Gemäss seinem Kenntnisstand wird das Thema aktuell bei den Schulkindern nicht mehr intensiv besprochen. Auch stelle man derzeit keine erhöhten Begleitdienste fest. Die Primarschule hält fest, dass der Schulweg in der Verantwortung der Eltern liege und man zu Beginn des Schuljahres auch die Eltern gebeten hatte, auf Elterntaxifahrten zu verzichten. Das liege aber in der Kompetenz der Eltern.

Ob solche Vorfälle häufig geschehen, ist nicht einfach festzustellen.
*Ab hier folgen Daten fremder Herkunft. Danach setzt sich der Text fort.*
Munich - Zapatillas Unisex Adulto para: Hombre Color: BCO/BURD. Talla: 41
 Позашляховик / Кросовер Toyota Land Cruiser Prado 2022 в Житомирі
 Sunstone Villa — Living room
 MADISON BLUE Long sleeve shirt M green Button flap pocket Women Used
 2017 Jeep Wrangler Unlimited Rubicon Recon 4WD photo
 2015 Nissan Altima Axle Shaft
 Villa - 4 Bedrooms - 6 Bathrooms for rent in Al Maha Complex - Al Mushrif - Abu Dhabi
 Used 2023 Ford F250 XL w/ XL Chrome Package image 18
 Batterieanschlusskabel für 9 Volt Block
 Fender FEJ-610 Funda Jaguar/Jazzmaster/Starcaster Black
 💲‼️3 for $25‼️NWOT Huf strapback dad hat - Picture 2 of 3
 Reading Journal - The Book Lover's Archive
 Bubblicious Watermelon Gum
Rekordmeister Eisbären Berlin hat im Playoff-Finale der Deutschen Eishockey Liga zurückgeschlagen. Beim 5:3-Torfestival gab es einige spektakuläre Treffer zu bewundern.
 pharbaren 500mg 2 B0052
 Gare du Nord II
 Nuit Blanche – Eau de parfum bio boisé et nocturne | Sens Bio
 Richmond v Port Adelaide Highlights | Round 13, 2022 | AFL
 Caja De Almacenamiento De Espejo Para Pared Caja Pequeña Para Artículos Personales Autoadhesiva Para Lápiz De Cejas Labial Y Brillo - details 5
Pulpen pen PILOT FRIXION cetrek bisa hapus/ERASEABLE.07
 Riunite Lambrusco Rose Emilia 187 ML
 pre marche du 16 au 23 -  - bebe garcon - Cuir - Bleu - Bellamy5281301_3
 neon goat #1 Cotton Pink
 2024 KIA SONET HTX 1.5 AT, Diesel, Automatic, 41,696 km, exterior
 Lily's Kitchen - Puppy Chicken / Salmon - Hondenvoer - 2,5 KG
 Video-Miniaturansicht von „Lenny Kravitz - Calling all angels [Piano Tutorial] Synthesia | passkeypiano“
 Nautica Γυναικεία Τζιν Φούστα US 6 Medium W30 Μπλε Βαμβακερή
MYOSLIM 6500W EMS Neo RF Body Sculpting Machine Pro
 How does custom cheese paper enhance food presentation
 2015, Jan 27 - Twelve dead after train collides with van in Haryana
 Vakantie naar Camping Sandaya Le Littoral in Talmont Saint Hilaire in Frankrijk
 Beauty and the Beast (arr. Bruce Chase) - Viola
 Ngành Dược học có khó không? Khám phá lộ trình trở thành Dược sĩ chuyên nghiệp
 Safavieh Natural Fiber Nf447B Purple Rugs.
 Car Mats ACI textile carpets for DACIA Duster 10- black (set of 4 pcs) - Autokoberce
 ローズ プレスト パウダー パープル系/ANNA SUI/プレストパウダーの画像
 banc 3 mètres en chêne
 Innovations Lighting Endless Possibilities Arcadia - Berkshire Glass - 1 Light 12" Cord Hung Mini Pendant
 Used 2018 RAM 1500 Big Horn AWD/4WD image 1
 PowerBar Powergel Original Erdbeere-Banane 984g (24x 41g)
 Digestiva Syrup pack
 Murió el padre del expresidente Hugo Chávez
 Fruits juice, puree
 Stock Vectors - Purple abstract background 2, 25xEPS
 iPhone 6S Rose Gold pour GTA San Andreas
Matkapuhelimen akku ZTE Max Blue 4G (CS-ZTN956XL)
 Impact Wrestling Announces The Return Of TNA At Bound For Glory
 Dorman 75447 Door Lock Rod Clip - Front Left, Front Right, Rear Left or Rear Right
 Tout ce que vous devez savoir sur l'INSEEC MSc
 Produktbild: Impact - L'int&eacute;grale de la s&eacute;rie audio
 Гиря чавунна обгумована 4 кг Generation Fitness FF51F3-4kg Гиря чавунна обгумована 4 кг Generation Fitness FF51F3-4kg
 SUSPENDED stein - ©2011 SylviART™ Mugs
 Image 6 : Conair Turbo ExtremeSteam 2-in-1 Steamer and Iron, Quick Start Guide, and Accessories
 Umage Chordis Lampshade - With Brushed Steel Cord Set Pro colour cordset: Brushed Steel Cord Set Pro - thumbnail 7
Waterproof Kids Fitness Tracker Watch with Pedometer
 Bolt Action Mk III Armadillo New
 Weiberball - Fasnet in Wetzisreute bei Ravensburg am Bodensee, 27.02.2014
Die Kantonspolizei Zürich sagt: «Zahlen, wie oft es zu einem verdächtigen Ansprechen kommt, liegen keine vor.» In der Polizeilichen Kriminalitätsstatistik des Kantons Zürich für 2023 wird der Tatbestand Freiheitsberaubung/Entführung nur generell aufgeführt und nicht zwischen Kindern und Erwachsenen unterschieden. Im letzten Jahr gab es im Bezirk Affoltern sechs Fälle. Seit 2019 sind polizeilich 22 Fälle bekannt. Die Kantonspolizei weist auf Anfrage darauf hin, dass dieser Tatbestand in Bezug auf Kinder fast ausnahmslos durch Elternteile verübt wird, im Sinne der Entziehung (Entführung) von Kindern, meist ins Ausland.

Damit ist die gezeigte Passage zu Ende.